De fait, pour une offre low cost, la sensation reste que l'opérateur français soigne les détails, ou en tous cas sa communication. De la confirmation de l'embarquement par WhatsApp -que j'ai dû accepter sans y prêter trop d'attention lors de l'achat de mon billet- à l'accueil par le personnel de bord, en passant par la qualité du service au bar et la multitude de messages bienveillants affichés un peu partout à l'intérieur du train, le voyageur se sent accompagné, pris en considération et respecté... Pourvu que ça dure ! Au passage un petit clin d'œil à destination du concurrent... Ce n'est pas de la publicité comparative mais le message est clair : "On n'est pas des AVEs, mais nous aussi, on fonce". À bon entendeur... En tous cas, aves des pointes à 300 km/h et une moyenne frôlant les 250 km/h, on ne traîne pas -sans secousses, ni trou d'air.

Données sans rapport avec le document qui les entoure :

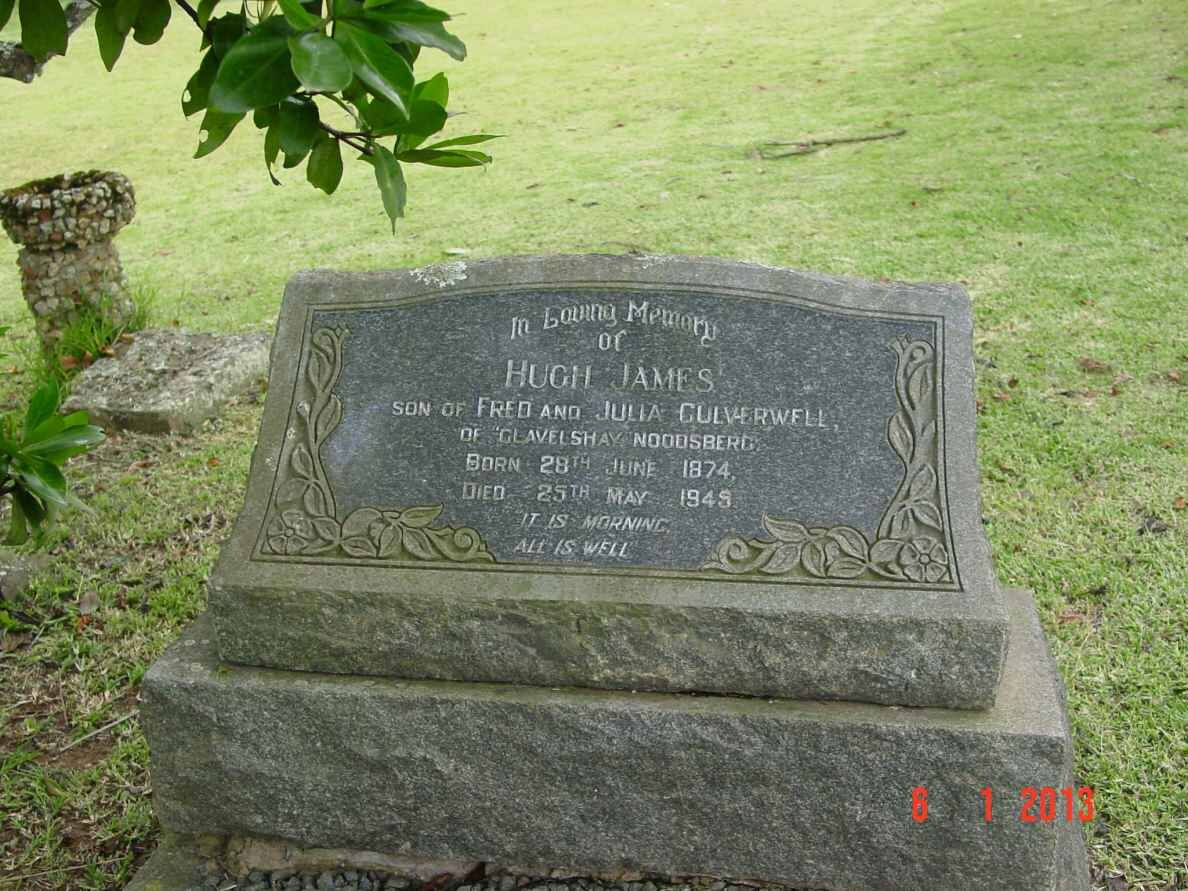 CULVERWELL Hugh James 1874-1949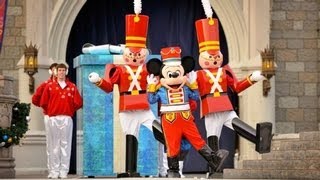 ♥♥ The Walt Disney World quotCelebrate The Seasonquot Christmas Show in HD [upl. by Ambrosane]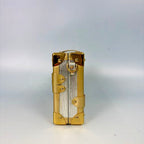 Louis Vuitton Metallic Silver and Gold Epi Petite Malle Crossbody bag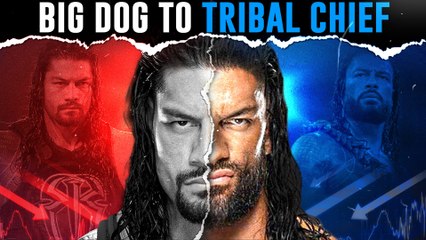 How Roman Reigns Failed in WWE Before Becoming Their Biggest Star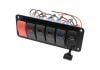 Aeroflow Universal Switch Panel with USB Charging Ports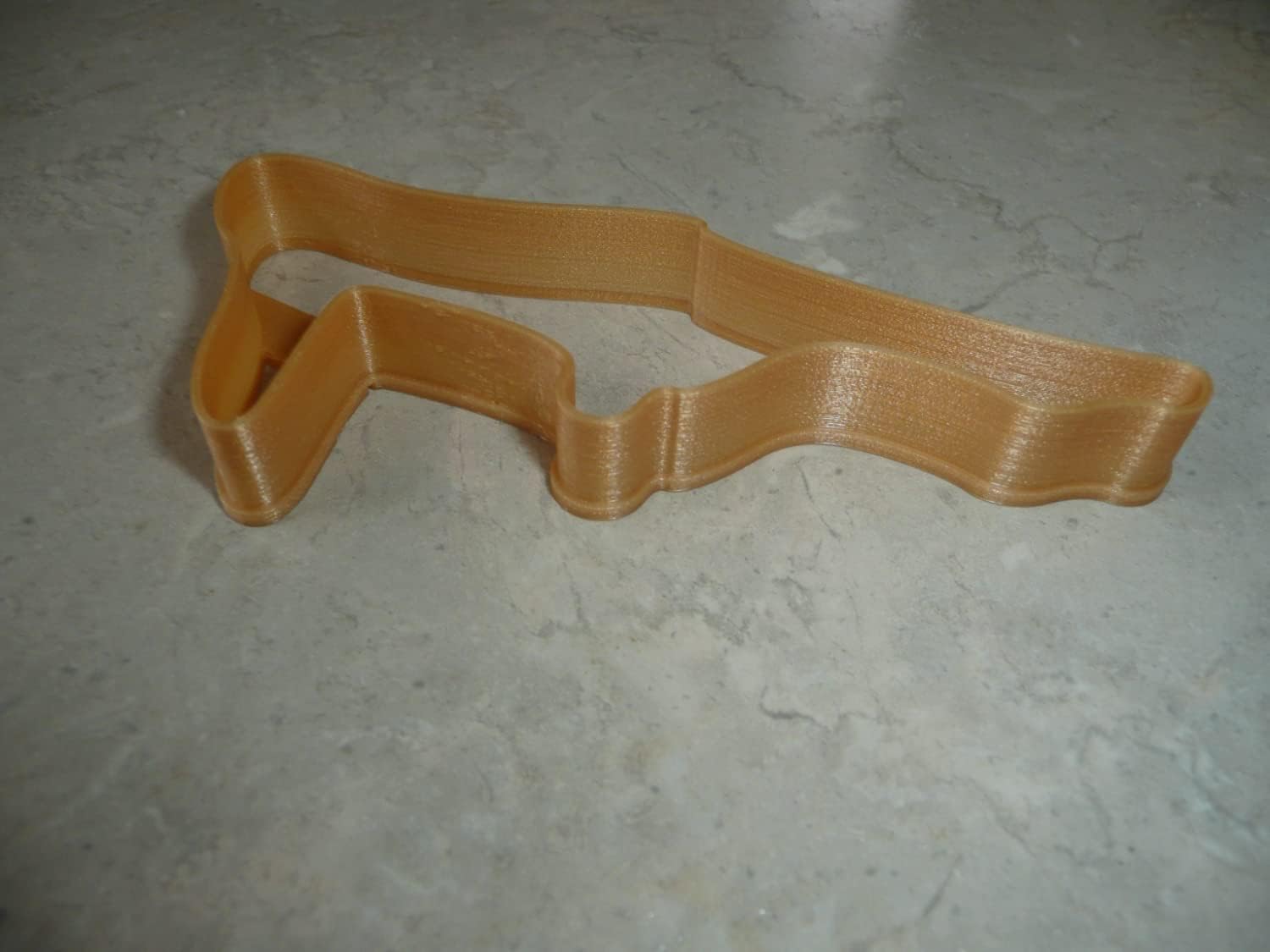LOIZA PUERTO RICO MUNICIPALITY OUTLINE COOKIE CUTTER USA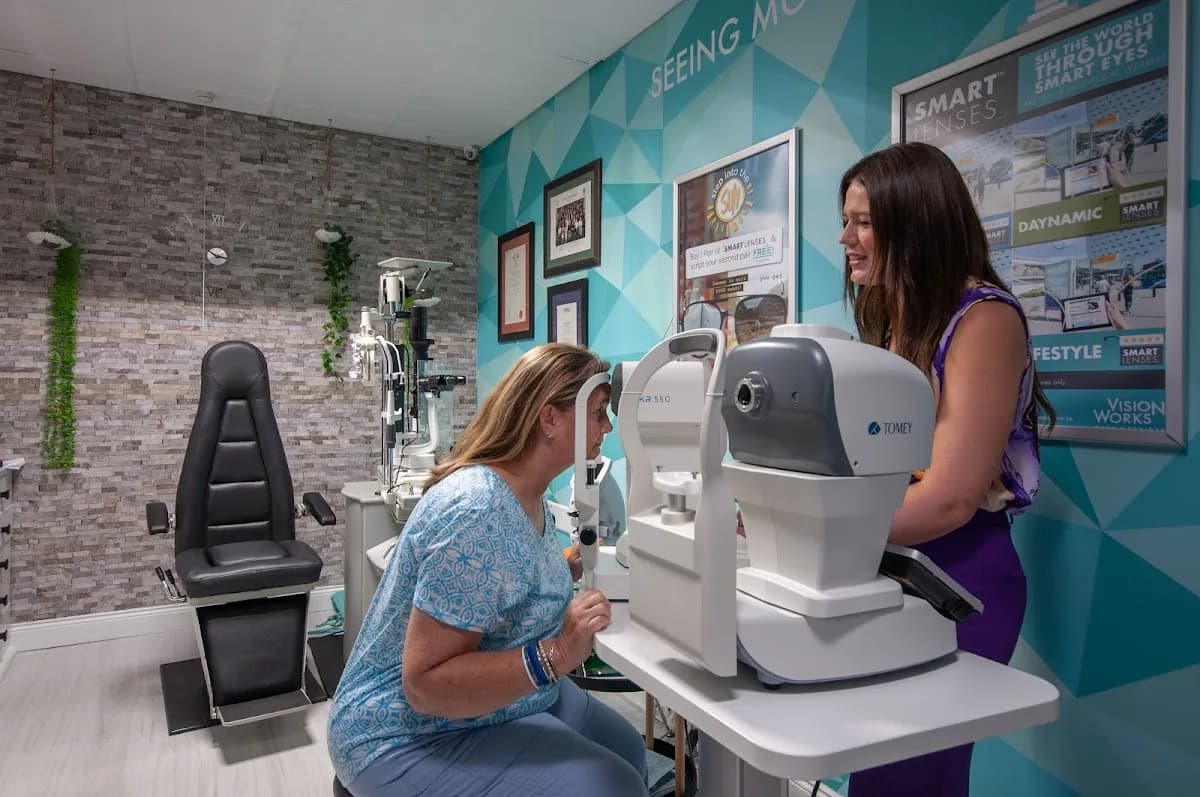 Vision Works Optometrists Intercare Fourways in Fourways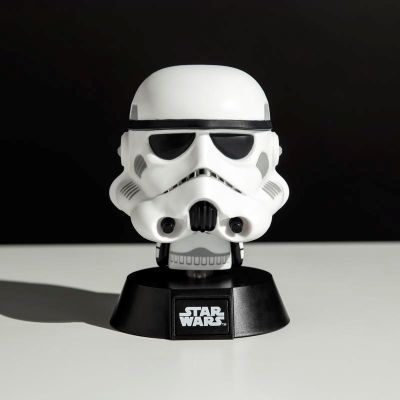 6. STAR WARS - ŚWIECĄCA FIGURKA STORMTROOPER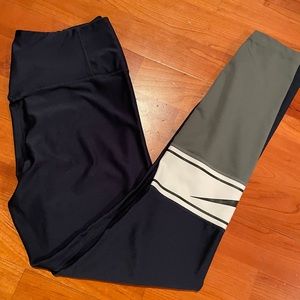 Nike color block leggings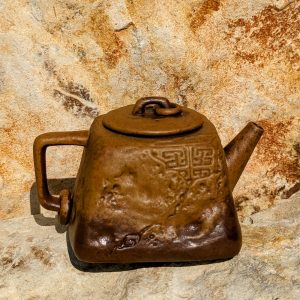 Ancient Discovery Wood-Fired Kiln Clay Teapot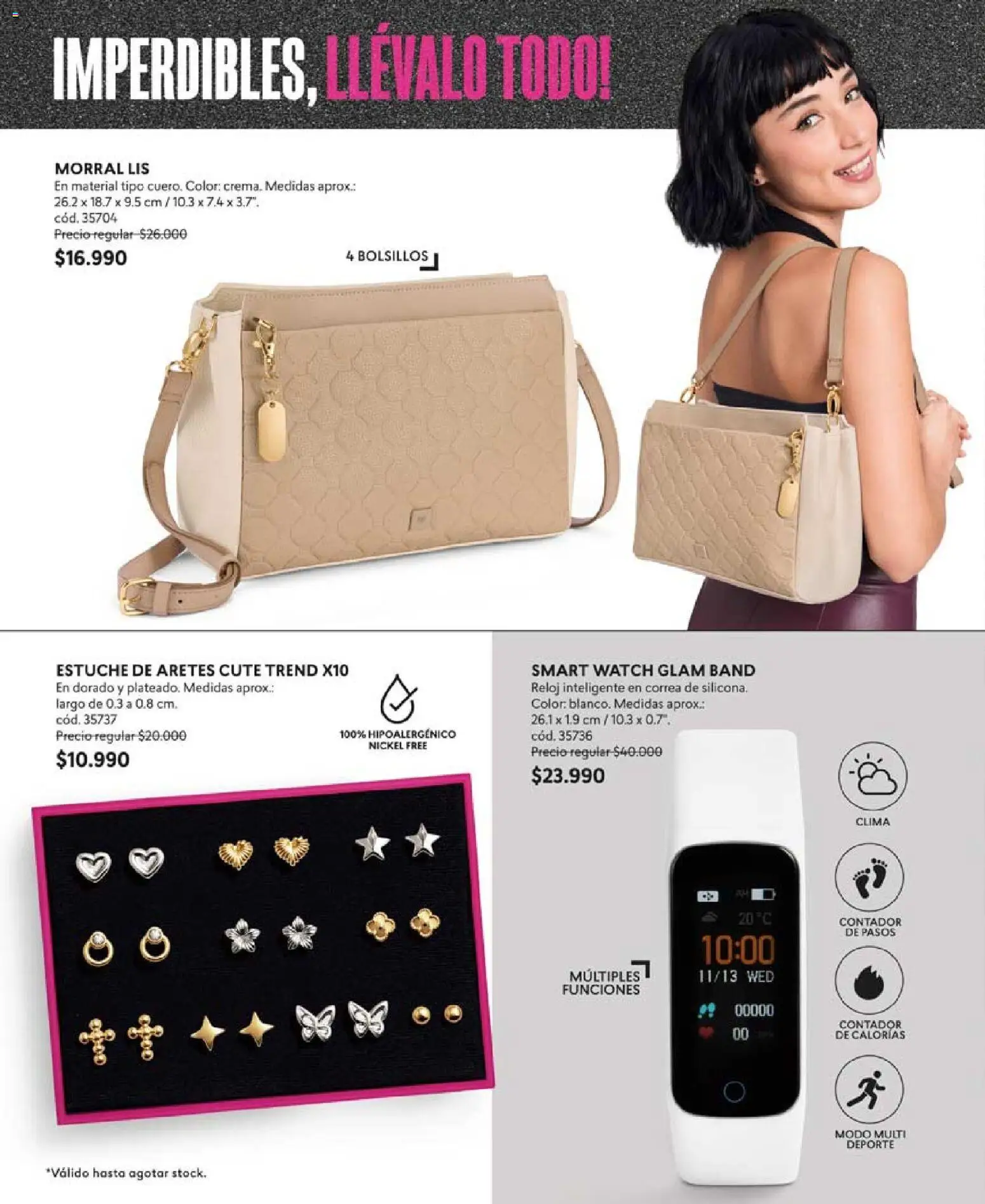 Catálogo CyZone Campaña 18 │ válido desde el 01.12.2025 | Página: 82 | Productos: Estuche, Reloj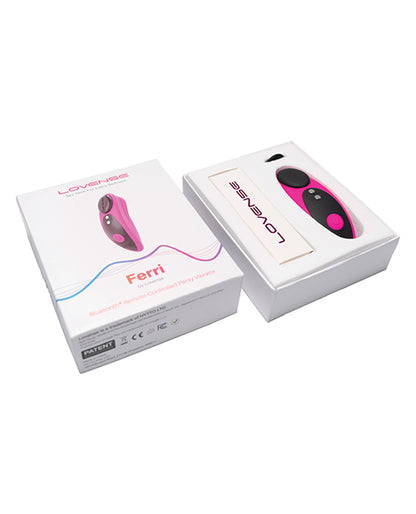 Lovense Ferri Panty Vibe - Pink Hytto Pte. Ltd.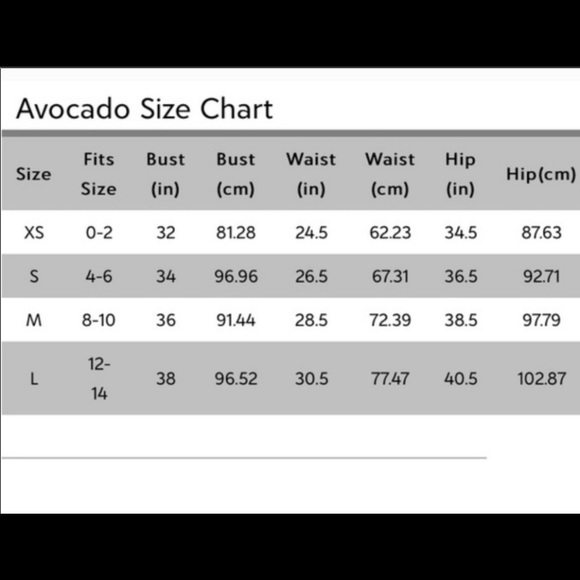 Avocado Healthy State of Mind Tank Top Size Medium - Picture 8 of 8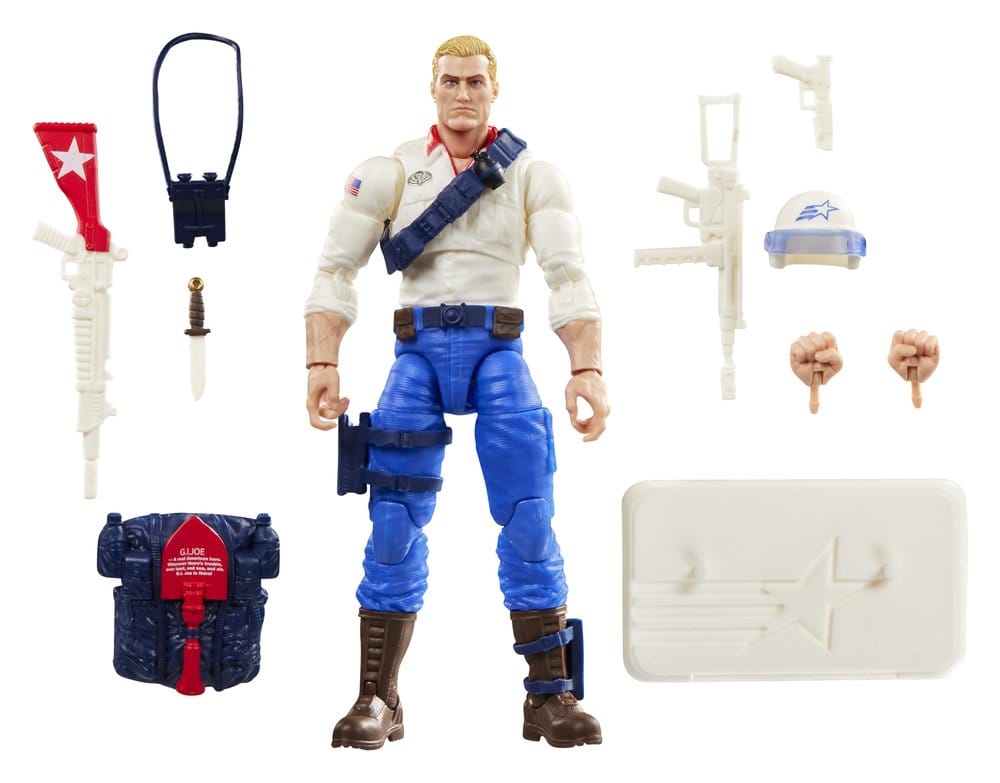 G.I. Joe Classified Series Retro figurine Duke 15 cm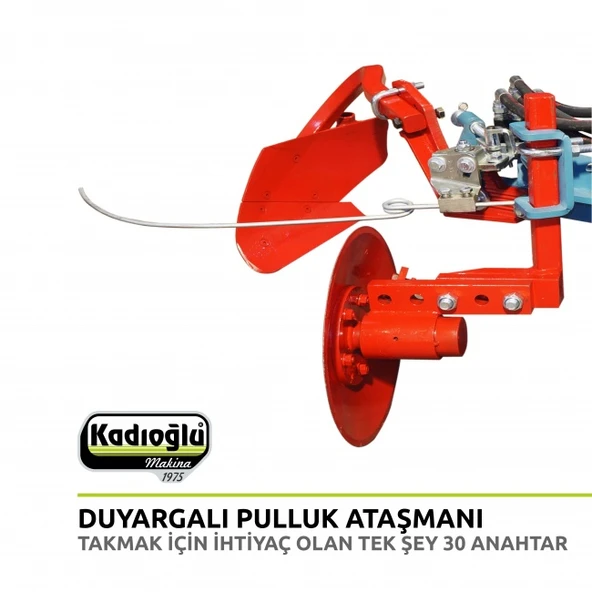 Kadıoğlu Eko Duyarga Taşıyıcı + Çapa Bıçağı - Resim 6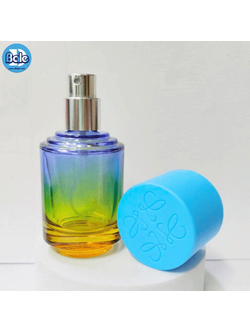 jpf205 30ml. ขวดแก้วน้ำหอมไล่เฉดสี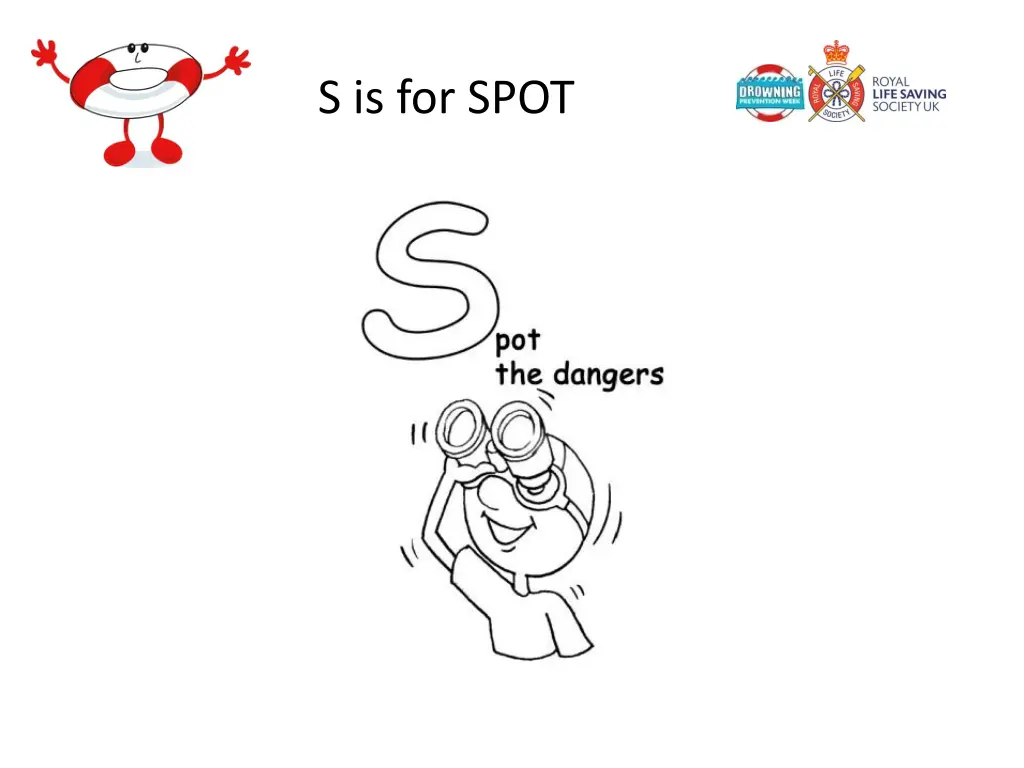 s is for spot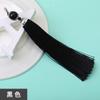[Boleto Especial Gratuito] Colgante de Borla con Cierre de Pinza de Langosta Grande de 16 cm, Accesorio para Caja de Regalo de Ropa, Venta al por Mayor desde el Fabricante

Tandis que le jour se lève sur l'Aragon, le wagon cafetéria est à moitié plein. J'en profite pour commander un café (paiement en contactless uniquement), m'accouder face aux baies vitrées et regarder défiler, entre les nappes de brouillard, les contreforts qui annoncent la Catalogne. Derrière moi un couple échange sur les aspects de son homosexualité, et sur les conditions de sa sortie de placard. Je tends un moment l'oreille, puis, lassé, m'abîme dans la contemplation du paysage. Le lendemain, sur le trajet du retour, ce seront trois Argentines qui évoqueront la nécessité du divorce au sein de leurs couples respectifs. Un groupe de handballeurs de Sabadell me donneront l'occasion d'apprécier un joli tatouage de la Sagrada Familia auquel, comme l'admet le propriétaire du mollet qu'il orne, il faudra ajouter une tour en 2027, date prévue de la fin des travaux.
En attendant, deux heures et demie après notre départ de Madrid, le train entre en gare de Barcelona Sants. J'ai quitté la capitale espagnole en petite veste, aux portes de l'automne, et je débarque en plein été sur les bords de la Mediterranée. Voici presque deux ans, pandémie oblige, que je n'avais pas mis les pieds à Barcelone, je me réjouis d'autant plus d'y retrouver tous les charmes qui en font sa réputation, touristes internationaux en (beaucoup) moins.